Exercise requirements
Once you reach the line with "Funko pop Chris Stapleton" in the material below, copy each line exactly up to and including the line with "Sol, sand og penger III av Lincoln Seligman", and skip the pictures.

Provided records START

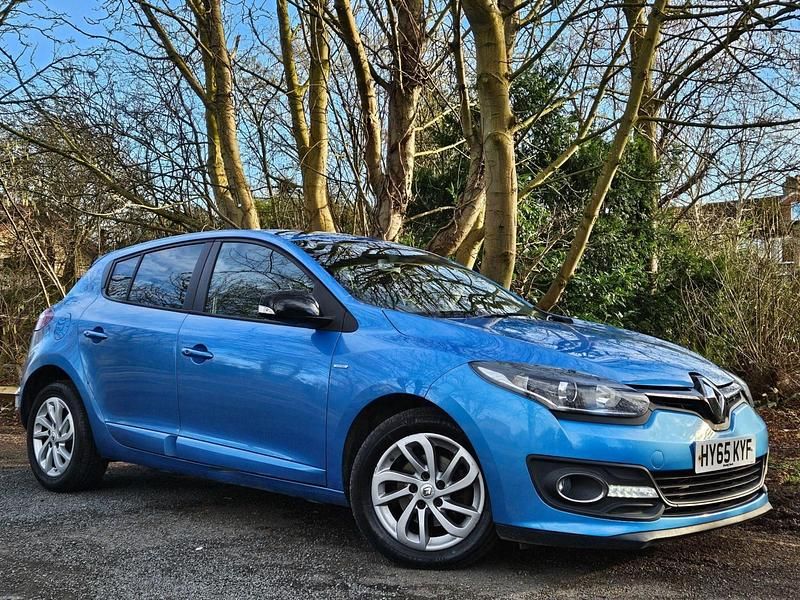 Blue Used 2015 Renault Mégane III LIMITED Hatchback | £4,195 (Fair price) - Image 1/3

Provided records END
Provided records START

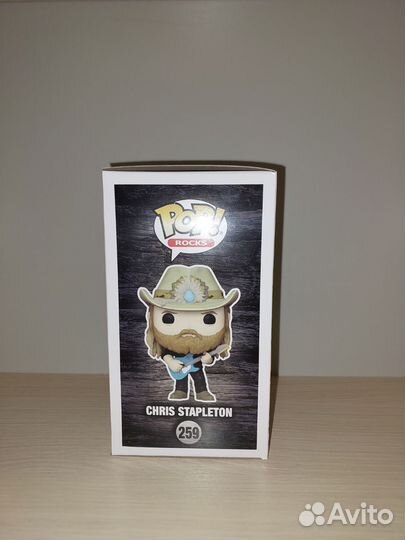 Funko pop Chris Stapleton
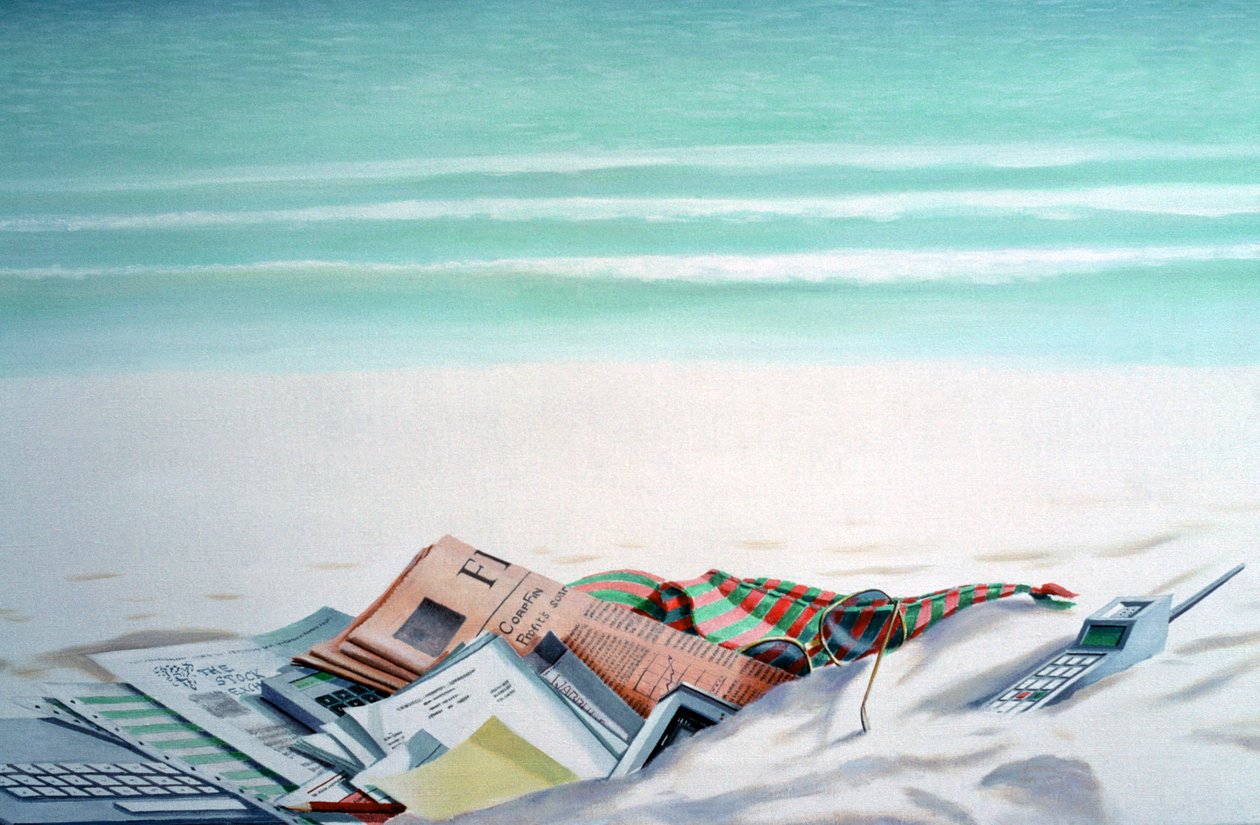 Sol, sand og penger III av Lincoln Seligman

Provided records END

Your solution
 Funko pop Chris Stapleton
 Sol, sand og penger III av Lincoln Seligman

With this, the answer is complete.